◆ Description of the task ◆
Exactly and only the lines below from the one containing "Smile Village Dental" down to the one containing "肿瘤已经导致脑室轻度增大、膈膜水肿等，且肿瘤内部囊肿明显。" are wanted, both included; please exclude every picture.

◆ Data to use ◆
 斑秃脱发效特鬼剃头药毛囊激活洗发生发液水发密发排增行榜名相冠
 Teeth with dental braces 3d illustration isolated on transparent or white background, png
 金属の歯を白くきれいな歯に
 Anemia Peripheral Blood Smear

* * *

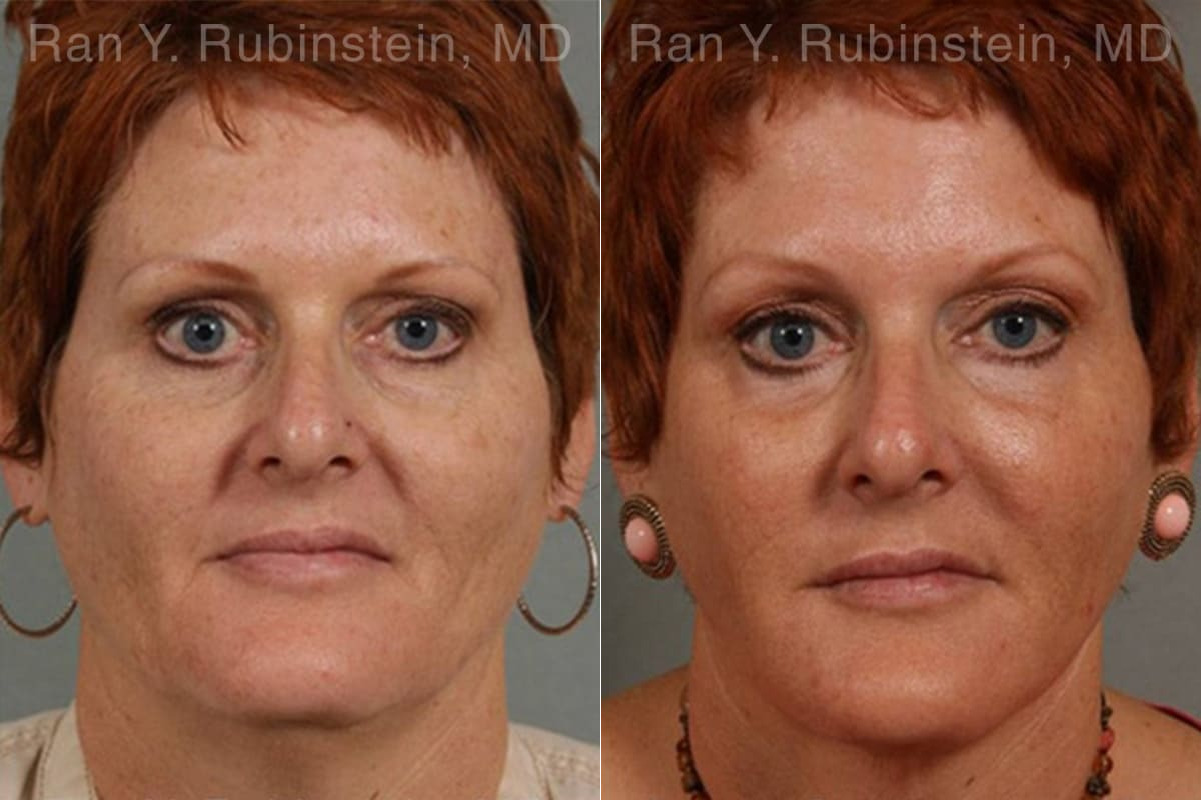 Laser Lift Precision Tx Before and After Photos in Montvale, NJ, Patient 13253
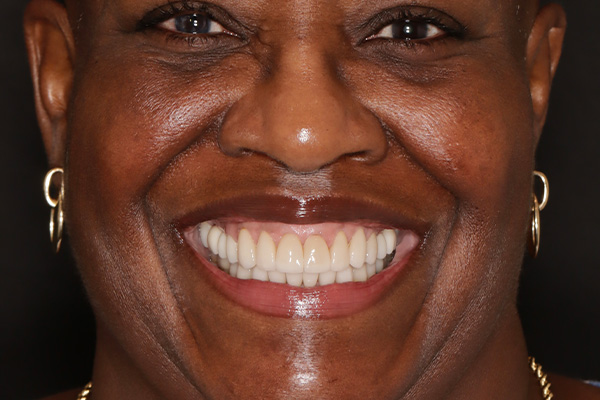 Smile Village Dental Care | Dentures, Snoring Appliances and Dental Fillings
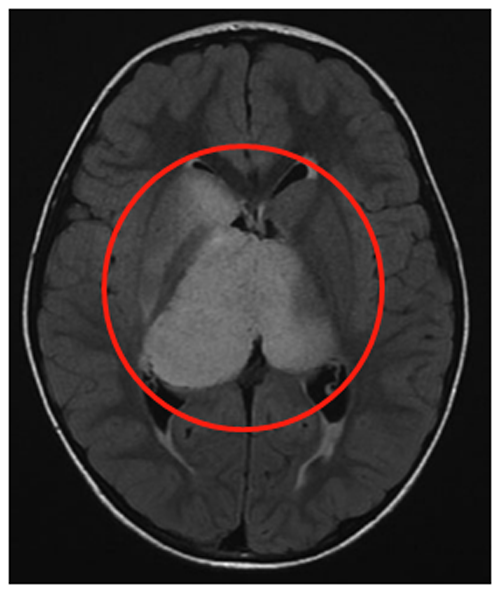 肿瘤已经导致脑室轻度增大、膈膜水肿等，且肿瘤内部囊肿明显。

◆ Response area ◆
 Smile Village Dental Care | Dentures, Snoring Appliances and Dental Fillings
 肿瘤已经导致脑室轻度增大、膈膜水肿等，且肿瘤内部囊肿明显。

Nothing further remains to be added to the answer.